CUANDO Italia marcó su gol decisivo en la final del mundial de fútbol de 1982, el presidente Sandro Pertini se levantó de su asiento en el palco y empezó a festejarlo con una gran imprudencia protocolaria. A su lado el Rey de España –no sé si ya lo llamaban Campechano– lo miraba, al principio asombrado, luego divertido y finalmente cómplice. Entonces el poder estaba aún sometido a una cierta obligación de neutralidad sentimental. Como el deporte suele ser un tajante ejercicio de suma cero, la alegría de uno en el palco era la desdicha del otro. Y la exhibición algo cercano a la humillación: de ahí que los caballeros –no había damas– la evitasen.
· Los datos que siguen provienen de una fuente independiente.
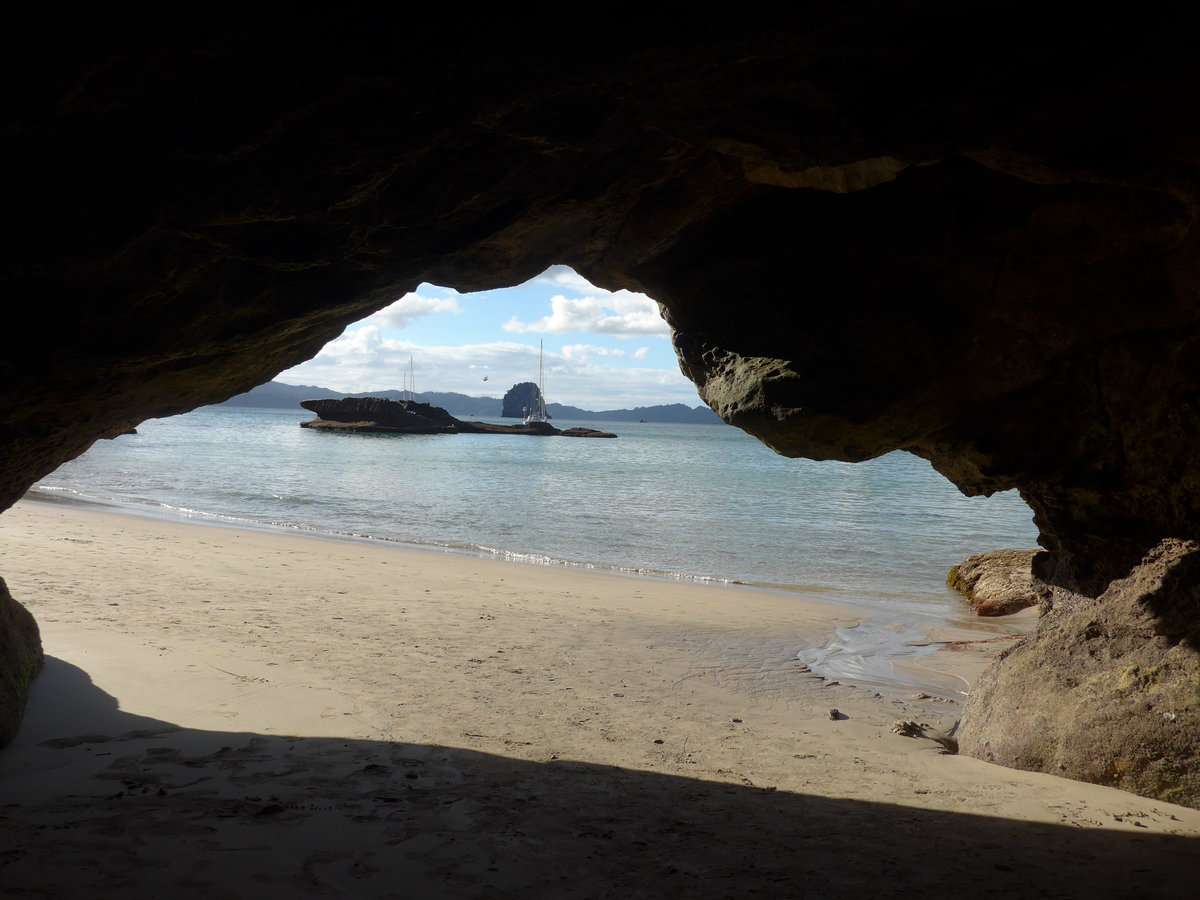 190'582) - Cathedral Cove am 20. April 2018 bei Hahei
El domingo, durante la final entre Francia y Croacia, el presidente Macron y la presidenta Kolinda exhibieron sin pudor alguno sus sentimientos asociados a las alternativas del juego. En el remoto caso de Pertini la alegría era una concesión, una debilidad. Una muestra de humanidad incluso: la sobria contención de hierro del gobernante se quebraba y dejaba ver la carne. Así lo interpretaron los cronistas, que alabaron unánimemente el gesto. Pertini, además, era un anciano que caía muy simpático y que ya había dado otras muestras de su talante desacomplejado. Por el contrario, lo del francés y la croata no fue el resquicio entre dos actos de gobierno, sino dos actos de gobierno más. En el caso específico de la señora Kolinda, católica, nacionalista y sentimental, puede decirse que sus únicos actos de gobierno de estas dos semanas han sido la asistencia a los partidos de la selección, donde ha brillado como la primera de sus fanáticos. Sobre el gesto de celebración de Macron, retratado ayer en una gran foto que muestra el entusiasmo pero también la fuerza del presidente, podría planear una duda vinculada con alguna de sus conductas anteriores. Este es el mismo hombre que hace unas semanas afeó con notable mala baba la conducta de un chaval que le tuteó y le llamó Manu. Parecería legítimo recordarle que la fusión con el pueblo implica siempre mancharse con su sudor. Pero sería una visión superficial. Porque no es que Macron celebrase solidariamente con el pueblo el gol de uno de sus futbolistas. Es que celebró el gol que acababa de marcar en magnífica jugada personal.
Si nuestro pionero, y tan malentendido presidente Rajoy, leía el Marca, es porque sabía que trae solo las noticias que merecen imprimirse.